# TCCCS in a box/ Static Comm suite



## RadOperata (22 Aug 2012)

I am trying to help another sig out, and our DA at the unit is causing me to pull my hair out. I am curious if anyone here has seen this kit and if there is a ECL for it complete. It is a stand alone commsuite, HF,UHF and VHF capabilities.


----------



## Prefect (22 Aug 2012)

I'm sorry if this sounds insulting but you didn't mention what you have already done.

Each box will have its own checklist. Use TACIS and just browse to your units holdings or query using the serial number on the case. You can also use CGCS and query using the NSN which is probably a better way to approach it if you are working from your SCA. Both of these options will give you the checklist number. Then just use the CFSS web query tool to generate the checklist.


----------



## RadOperata (22 Aug 2012)

Not insulting at all, should have explained further. I took a posting to a reserve airforce unit and the sigs account here is out to lunch. They don't use TACIS here and the kit is currently away from the unit on an op. Anyway I was just curious if there was a checklist out there for the kit complete to save me a bit of hassle. Aparrently there isn't so I will just keep sifting and checking NSN's with CFSS. Thanks for the answer.


----------



## PuckChaser (22 Aug 2012)

The checklist is available on the DGELM DWAN site I'm pretty sure, once I get back from lunch I'll grab the link. It has the ECLs for damn near everything.

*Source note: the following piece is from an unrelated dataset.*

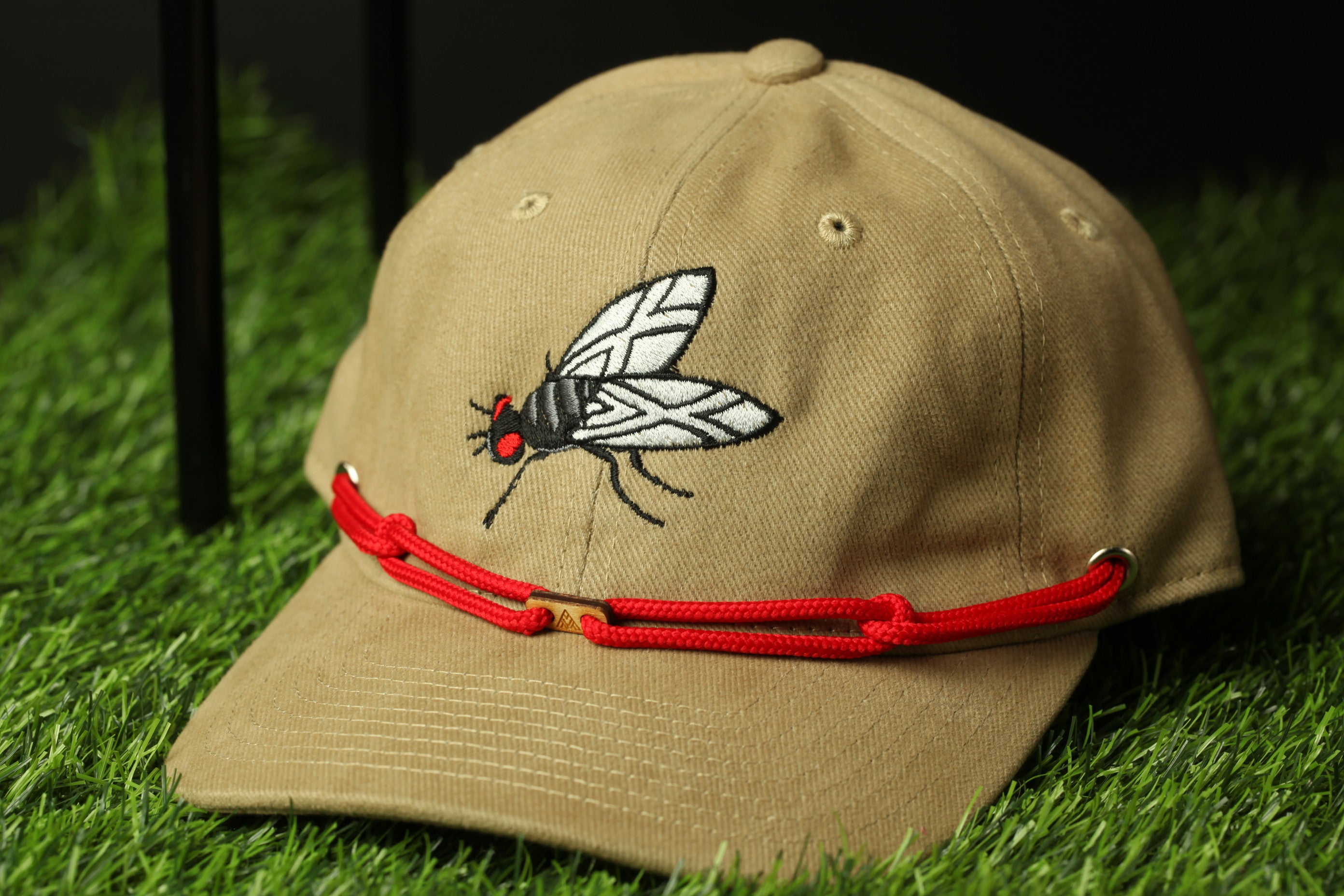 A tan baseball cap with a red string and a black and white fly embroidered on the front, resting on a grassy surface.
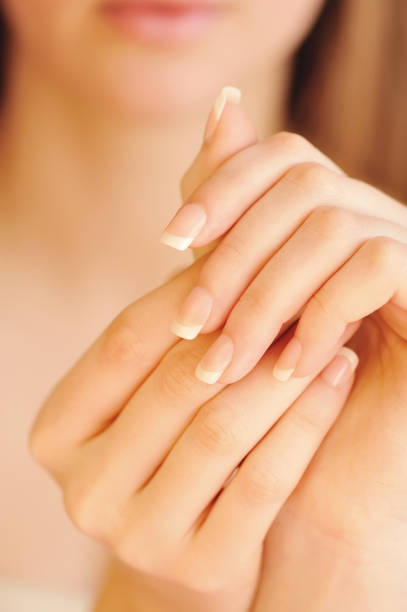 istock Care for beautiful woman hands. Focus on hands 1307394142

Here's the link, instructions on how to retrieve the ECLs are on the top of the page: http://admmat.mil.ca/dglepm/dlcspm/en/products_equipchecklists_e.asp#Static%20Kits


----------



## RadOperata (22 Aug 2012)

Appreciate it, thanks for the link.


----------



## PuckChaser (22 Aug 2012)

RadOperata said:
			
		

> Appreciate it, thanks for the link.



No problem, one of the first bookmarks I made while working in Sig Stores, super handy.


----------